Single by Eric Clapton

from the album Pilgrim
- B-side: "Theme from a Movie That Never Happened"; "Inside of Me";
- Released: 10 March 1998
- Length: 5:24
- Label: Reprise; Duck;
- Songwriter: Eric Clapton
- Producers: Eric Clapton, Simon Climie

Eric Clapton singles chronology
| "Change the World" (1996) | "My Father's Eyes" (1998) | "Circus" (1998) |

= My Father's Eyes (song) =

1998 single by Eric Clapton

"My Father's Eyes" is a song written and performed by British musician Eric Clapton, and produced by Clapton and Simon Climie. It was released as a single in March 1998 and was included on Clapton's 13th solo studio album, Pilgrim (1998). The song entered the top 40 on the US Billboard Hot 100 Airplay chart, peaking at number 16, and spent seven weeks at number one on the Billboard Triple-A chart. It became a top-five hit in Canada, where it peaked at number two, and reached the top 20 in Austria, Iceland, and Norway. In 1999, it won a Grammy Award for Best Male Pop Vocal Performance.
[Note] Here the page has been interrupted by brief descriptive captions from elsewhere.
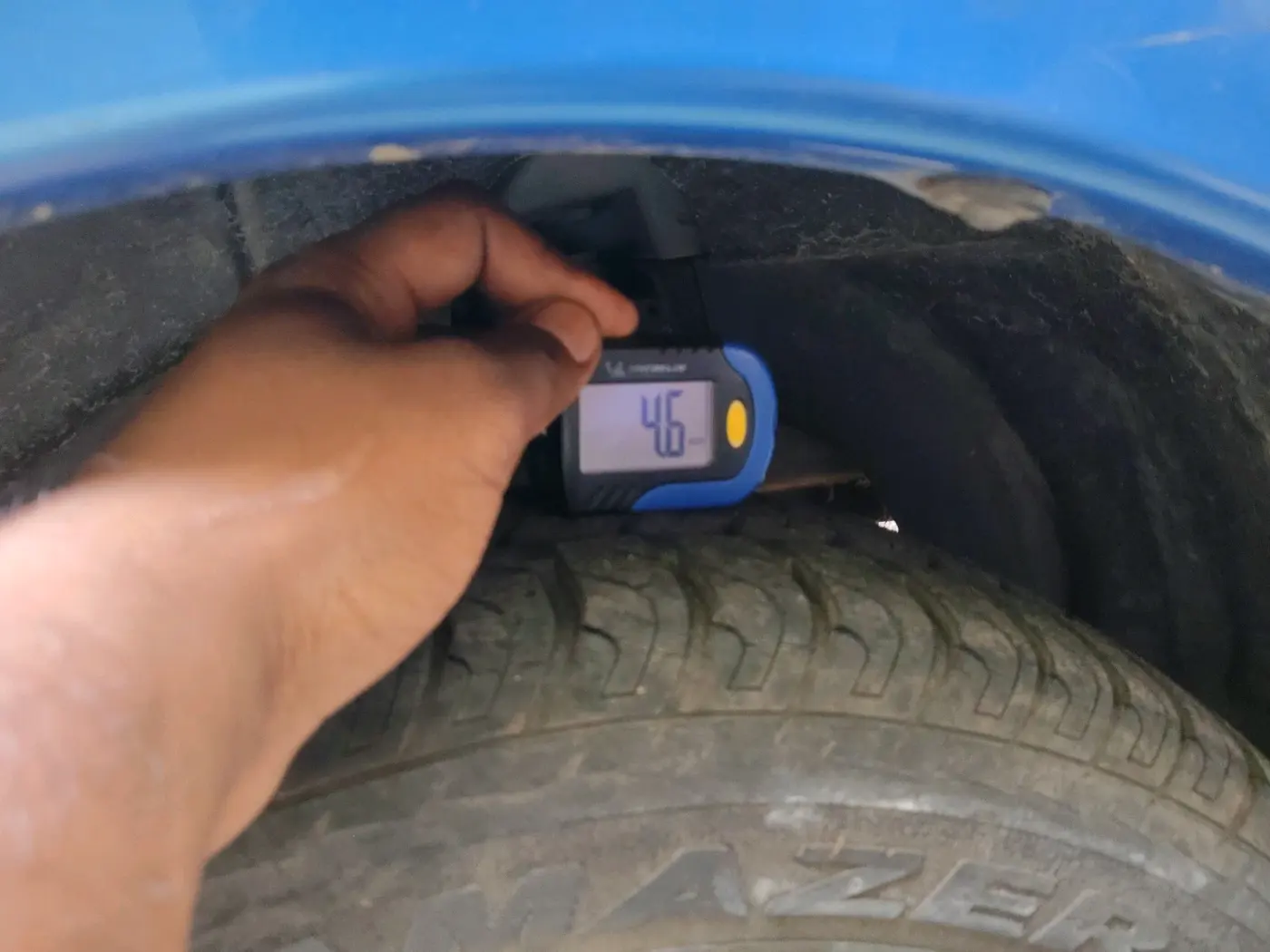 2014 Mahindra E2O T2, Electric, Automatic, 55,000 km, tyre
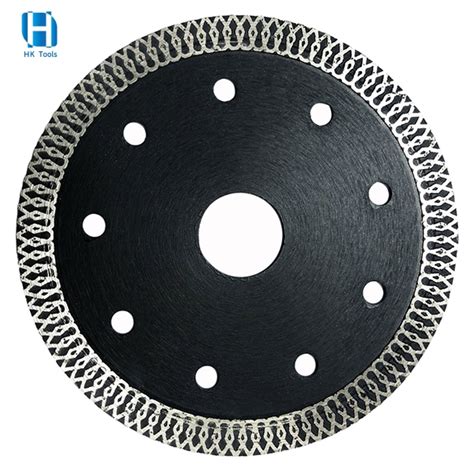 Hot Pressed Mesh Turbo Diamond Saw Blade With Protective Teeth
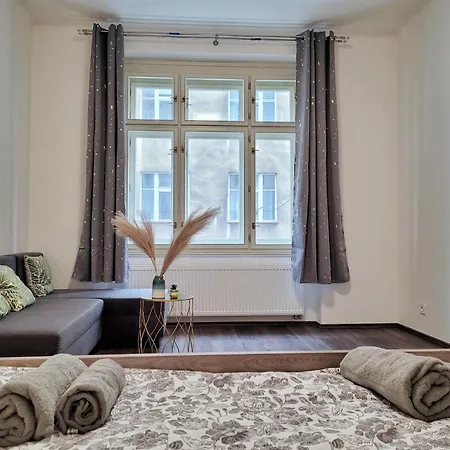 Modern Near Wenceslas Square Apartment *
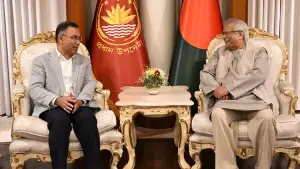 প্রধানমন্ত্রীর সঙ্গে সাক্ষাৎ করলেন ড. মুহাম্মদ ইউনূস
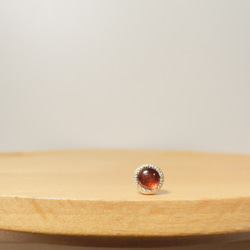 ガーネット　ひとつぶピアス　silver925 ミルグレイン 2枚目の画像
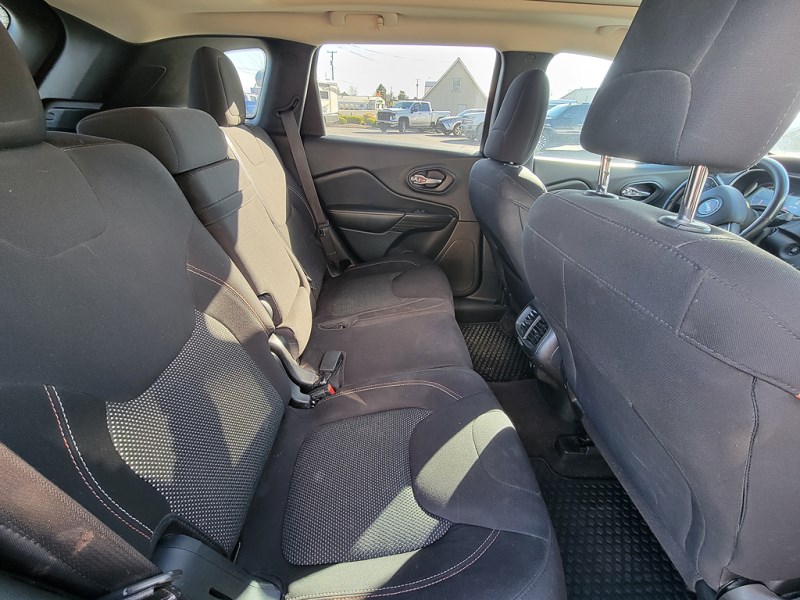 Additional photo of vehicle.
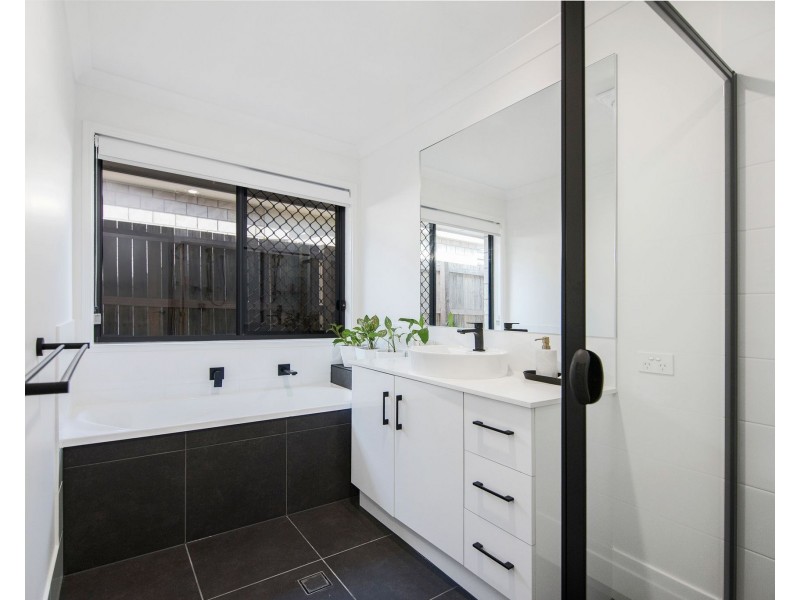 86 Caladenia Street, Deebing Heights QLD 4306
Clapton performed this track for the first time in 1992 and again in 1996, in both electric and unplugged versions. These versions of the song were completely different from the official single release in 1998. He would later retire the song in 2004, along with "Tears in Heaven", until the 50 Years Further On Up the Road world tour in 2013.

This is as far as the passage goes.